Ryan Graciano, co-founder and CTO of Credit Karma, a personal finance company, cautions against a blurring of narrowly-applied AI for specific tasks and more general AI. “I'm not aware of any significant advancement that brings us anywhere close to creating a conversational machine. We are very far away from that,” he says. ”Striving for a true conversational machine would be the true goal post for me. Something that understands and can prove its understanding.”

Given that cyborgs won’t be competing in a Turing test competition anytime soon, there is room for specialized AI competitions — think multiple, task-specific “Turing tests.” There could be contests for chatbots that take pizza orders, or for image recognition AI that examines x-rays, or as we’ve already seen, for bots battling humans in chess, Jepoardy, and video games.

“A Turing test is about as relevant as a cheetah-test would be for cars,” says Gupshup’s Sheth. “Just as we evaluate a human customer service agent differently from a human radiologist, it makes sense to evaluate different AIs with domain specific tests. Where tests are hard to define, we can evaluate AIs through competitions, like we do with chess champions.”

Steve Worswick receives the Loebner Prize on September 16, 2017 at Bletchley Park in England.

Steve Worswick receives the Loebner Prize on September 16, 2017 at Bletchley Park in England.

Mitsuku

“I would much rather see a contest to find the most convincing chatbot,” says Mitsuku’s Worswick. “By this I mean the one with the most believable personality, or [that] can reply sensibly to questions.”
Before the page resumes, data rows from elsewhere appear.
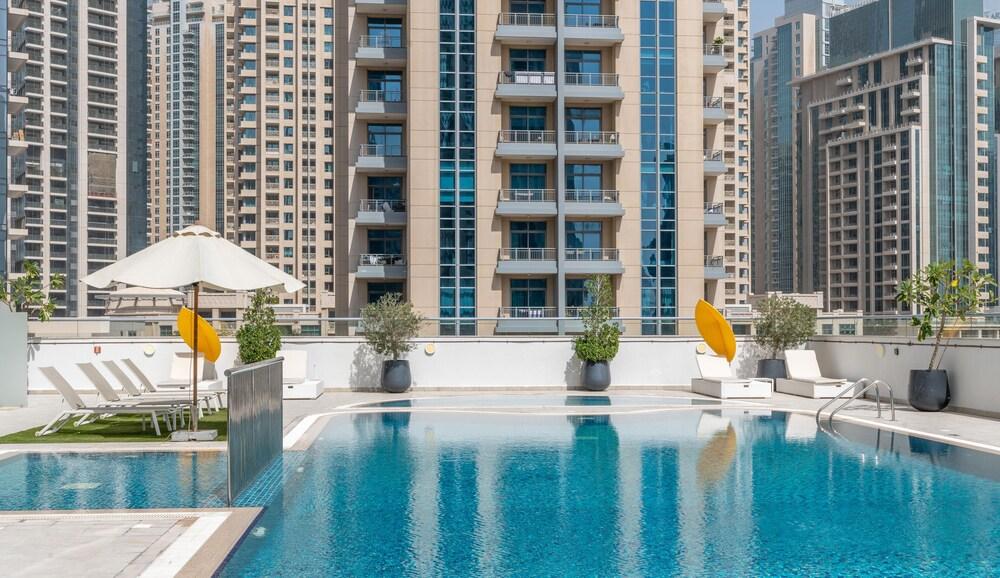 Dream Inn - Bahwan Tower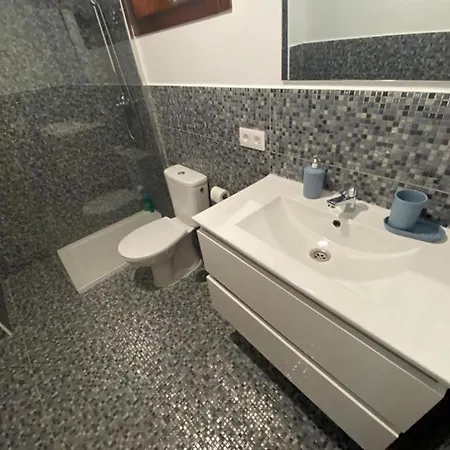 Appartamento Con Piscina E Vista Mare L102 *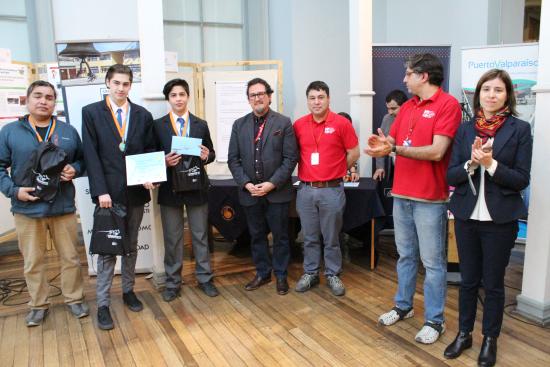 Para el recuerdo: alumnos del Liceo Bicentenario de Coyhaique, ganadores III Concurso Escolar en Innovación, Ciencia y Tecnología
Such discrete competitions can help marshal resources and drive incremental advances in AI. What’s needed though is a new test, what Sheth calls “a moonshot goal.” It’s attainment would need to be years away and resonate throughout the tech community — like Turing’s original test.

“It would be great to see programs that can develop on the work already created to do practical tasks like identifying cancer cells, “ says Worswick. “A lot of work is already being carried out in these areas. Rather than trying to deceive and lie to someone that it’s human, I would much rather see a more practical use for AI.”

His three victories in the Loebner prize notwithstanding, Worswick is ready for a new challenge. “Only the arrogance of the human race believes nothing can be more intelligent than a person — and I’m sure back in Turing’s day this was the case, but it’s now time to move on.”